While referring to the forward as a ‘Plan B’, people can lazily assume that he’s a big lump up front who will hold it up and win challenges in the air, but there’s a lot more to Madine’s game than that. Not only is he a handful for opposition’s back line, but he has athletic technique to strike on the turn and when surrounded by multiple defenders.
In our analysis of Bez Lubala, we looked at how the winger often likes to cut the ball back after getting to the byline – those are the kind of chances Madine thrives from. He’s also strong when receiving the ball with his back to goal, able to create havoc for defenders and open up space for others to exploit.

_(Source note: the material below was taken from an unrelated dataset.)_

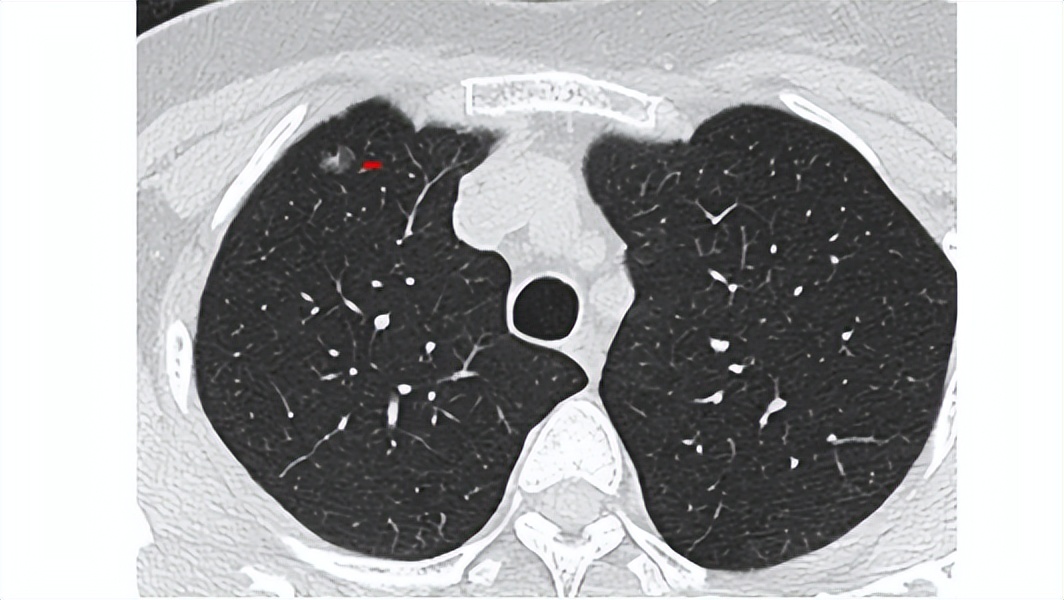 微浸润肺腺癌影响寿命吗？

Blackpool fans have understandably become used to players coming and going en masse over the last few years and are coming to expect the likes of Feeney and Madine – who have gone from regular starters to likely bench warmers this year – to depart as they aren’t first choice. It would be wise to keep a level of continuity where possible and while Madine only came in during the winter transfer window, his knowledge and experience – both at this club and at this level – will be important as we look to shape the squad.
One thing’s for sure – there aren’t many sides in the division with someone of the same quality and experience on the bench. If he takes his chance when it comes along, earning himself a run in the side, then who knows how many goals he could score?

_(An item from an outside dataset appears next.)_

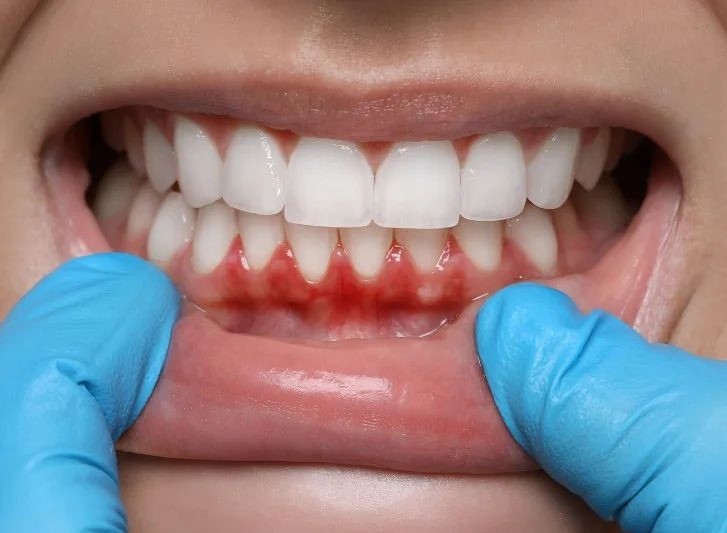 Gum Disease Treatment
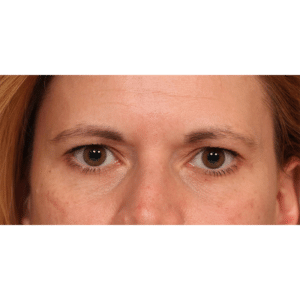 Endoscopic Browlift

We have signed a number of younger, trendier players from League Two this summer who we see as the future of the club, but we also need the right balance of experience and know-how to mount a promotion push. Along with Feeney, Madine gives us that much needed balance in the squad for players to look up to, learn from and follow. Their quality will be of paramount importance to us as we go through the season with two games a week and look for different options when breaking teams down.
If we are to have a successful season – and I’m talking about top six as a minimum, we will need players who have been there and done it before to show us the way and maintain that level of consistency required.
Perhaps it may help if we show our support to the players in and around the squad, giving them the confidence to go straight in and deliver when they get the chance.